Duke was on one side of one of the great divides in college sports. When the Supreme Court in 1984 ended the NCAA’s control of televised college football, Duke was concerned. For the first time, the formation of conferences wasn’t about collegiality where schools in a geographic area shared similar academic missions. It was about marketing football games for television.
“I worked with Woody Hayes, Bo Schembechler, Bob Knight, some of the strongest personalities in college sports and we had our differences,” Duke said. “But they believed in equal partners.”

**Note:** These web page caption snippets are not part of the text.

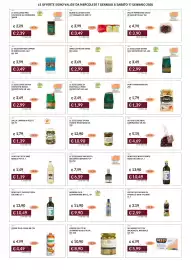 Volantino Prezzemolo e Vitale Pagina 21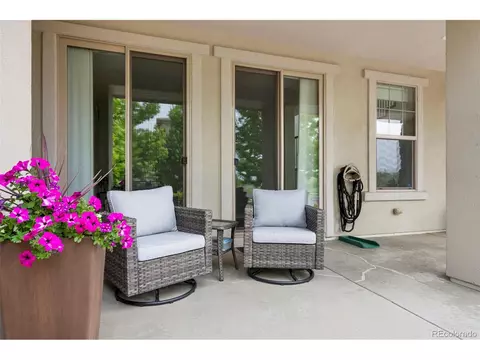 9151 E 33rd Ave, Denver, CO 80238 photo 6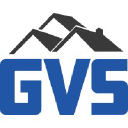 GVS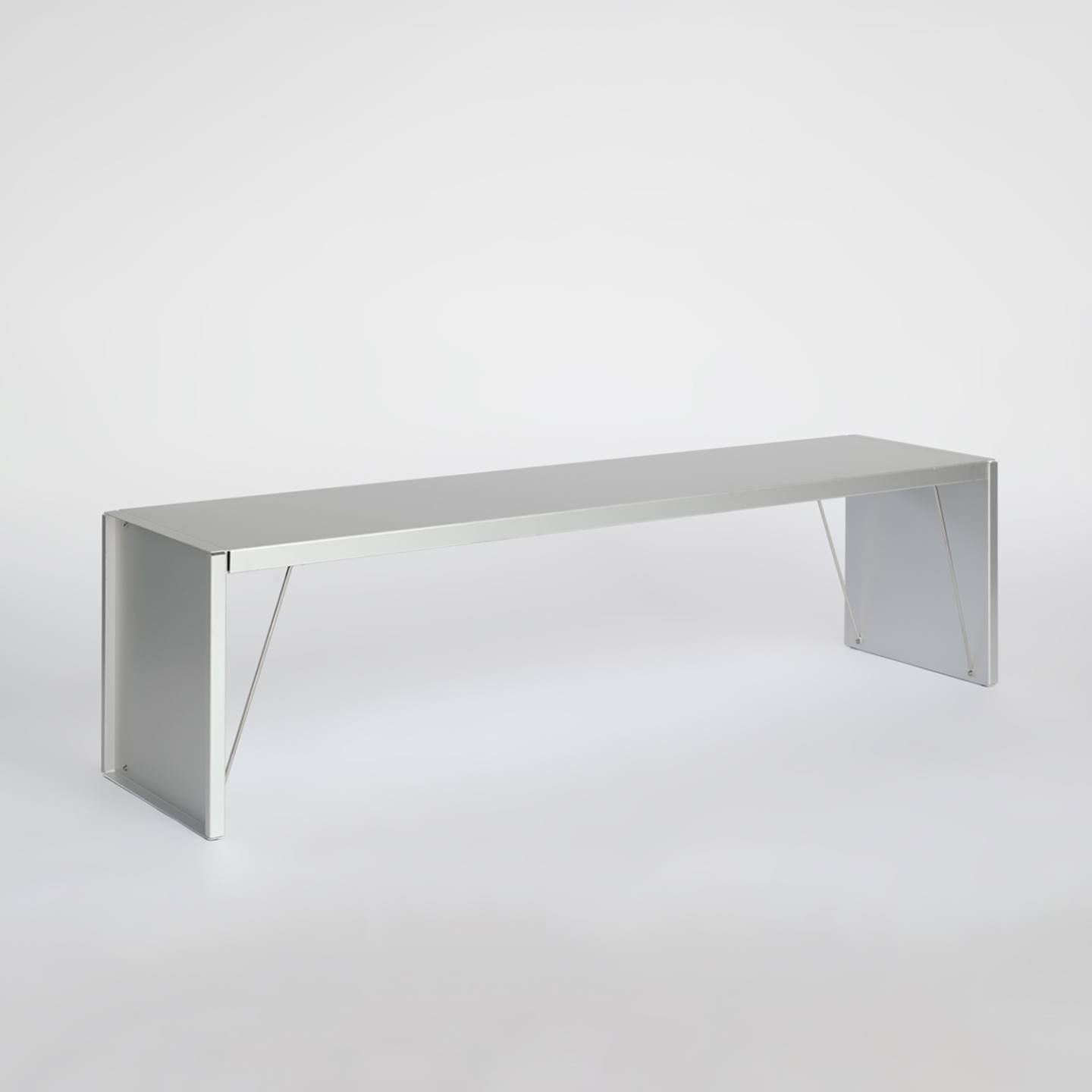 Office-bench-Lehni-Andrea-Christen (1)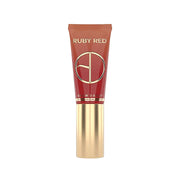 Brow Daddy Ruby Red Eyebrow Tint 15ml bottle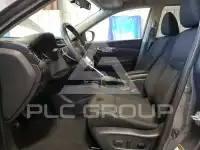 2018 Nissan ROGUE фото
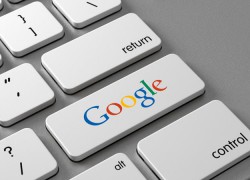 Los mejores trucos y funciones ocultas de Google, en Searchyapp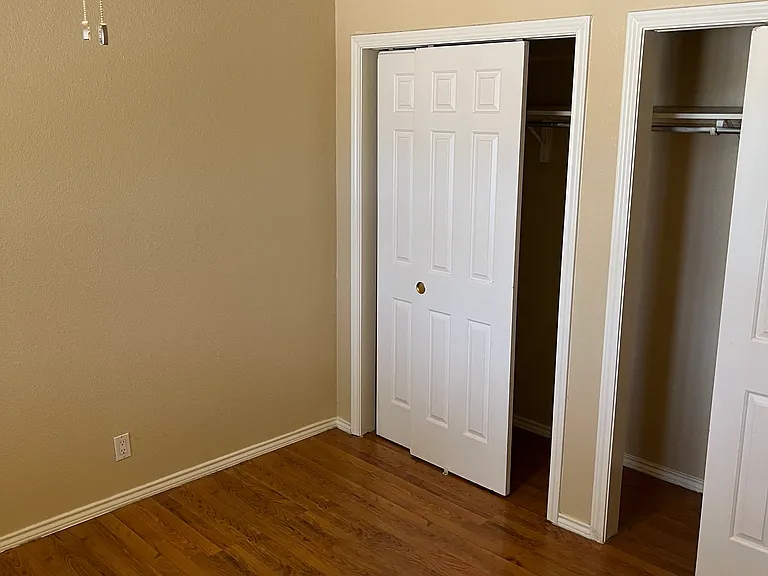 11610 Vance Jackson Rd #509 — Photo 13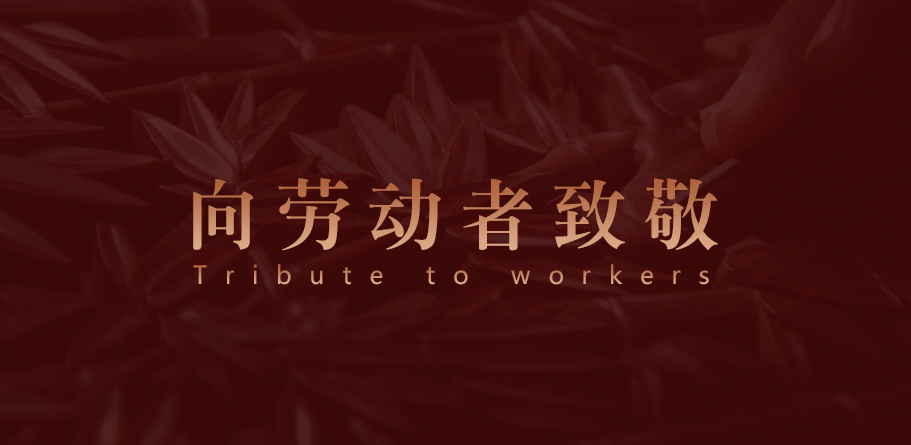 封头改.jpg
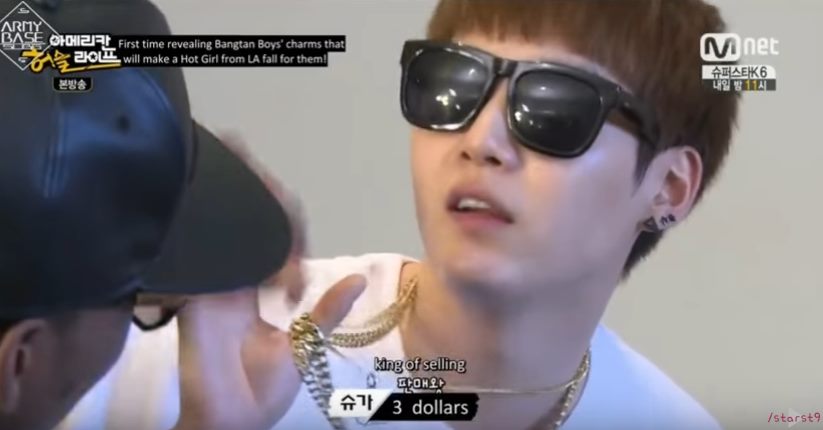 yoongi on twitter you like this you like this chain three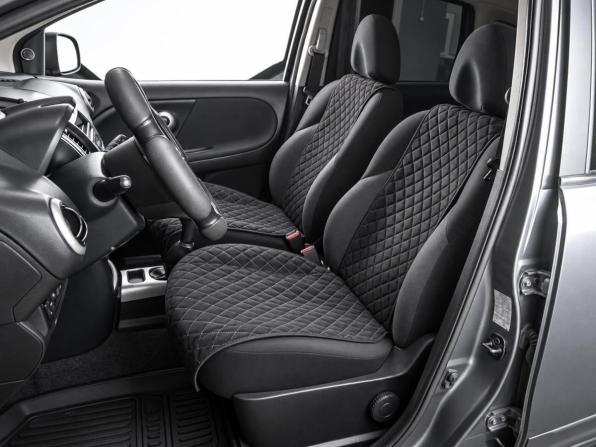 Nissan Note I Рестайлинг с пробегом 2013 года, цена 669 000 рублей, 184133 км, хэтчбек, Автокод Объявления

But NCAA Tournament growth is Duke’s strongest legacy. While he ran the event for the NCAA and served on the basketball committee, the tournament changed in many ways. Under his watch, the event started to allow at-large teams, seeded them, televised all the games, allowed more than one team per conference on the bracket, started using three-man officiating crews, developed the RPI, went to domes, and was part of the TV bidding that today is worth billions of dollars.
Big Ten commissioner Jim Delany, who succeeded Duke there, recalled one of college sports great agents of change.
“Wayne was a giant in the world of college athletics administration during times of great change,” Delany said. “He was a champion of the student, and was responsible for many of the academic, athletic and social initiatives that our students today benefit from.”
Many of those ideals were shaped in Kansas City.